Expanding the Ceph Cluster to 600 TB
Mark Elvers
1 min read

Categories

  • ceph

Tags

  • tunbury.org

We purchased twenty of what felt like the last stock of 8 TB Kingston DC600M SSDs to the Cambridge cluster, bringing it from 66 to 86 OSDs across 20 Dell R640 hosts. The disks were distributed to balance the count per machine, with each host now running 4 or 5 disks.

Pausing rebalance

Adding OSDs one at a time normally triggers a CRUSH recalculation and rebalance after each addition. To avoid 20 rounds of data movement, I paused recovery first to let CRUSH rebalance in a single pass at the end.

ceph osd set norebalance
ceph osd set nobackfill

Adding the OSDs

Each disk was added individually with ceph orch daemon add osd. I left a short delay between each to avoid a race condition on OSD ID allocation that came up in an earlier batch.

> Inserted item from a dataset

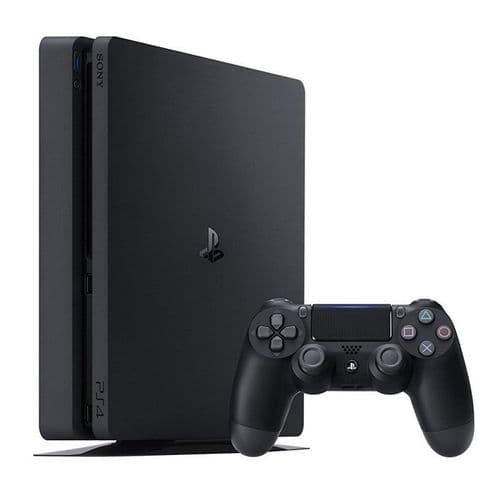 Consola Sony Playstation 4 1tb PS4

ceph orch daemon add osd harmothoe:/dev/sdd
ceph orch daemon add osd kreousa:/dev/sdd
ceph orch daemon add osd lysippe:/dev/sdd
ceph orch daemon add osd melousa:/dev/sdd
ceph orch daemon add osd melousa:/dev/sde
ceph orch daemon add osd okyale:/dev/sdd
ceph orch daemon add osd okyale:/dev/sde
ceph orch daemon add osd philippis:/dev/sdd
ceph orch daemon add osd philippis:/dev/sde
ceph orch daemon add osd polemusa:/dev/sdd
ceph orch daemon add osd polemusa:/dev/sde
ceph orch daemon add osd tecmessa:/dev/sdd
ceph orch daemon add osd tecmessa:/dev/sde
ceph orch daemon add osd valasca:/dev/sdd
ceph orch daemon add osd valasca:/dev/sde
ceph orch daemon add osd xanthippe:/dev/sdd
ceph orch daemon add osd xanthippe:/dev/sde
ceph orch daemon add osd antiope:/dev/sdd
ceph orch daemon add osd myrina:/dev/sdd
ceph orch daemon add osd lampedo:/dev/sdd

Unpausing

With all 20 OSDs registered and up, I unset the flags:

ceph osd unset norebalance
ceph osd unset nobackfill

CRUSH recalculated the PG mappings once, and the cluster began rebalancing data onto the new disks.

Final state

The cluster now has 86 OSDs across 20 hosts. Raw capacity is 600 TB, yielding approximately 480 TB of usable capacity under the EC 8+2 erasure coding profile. Current data usage is around 160 TB.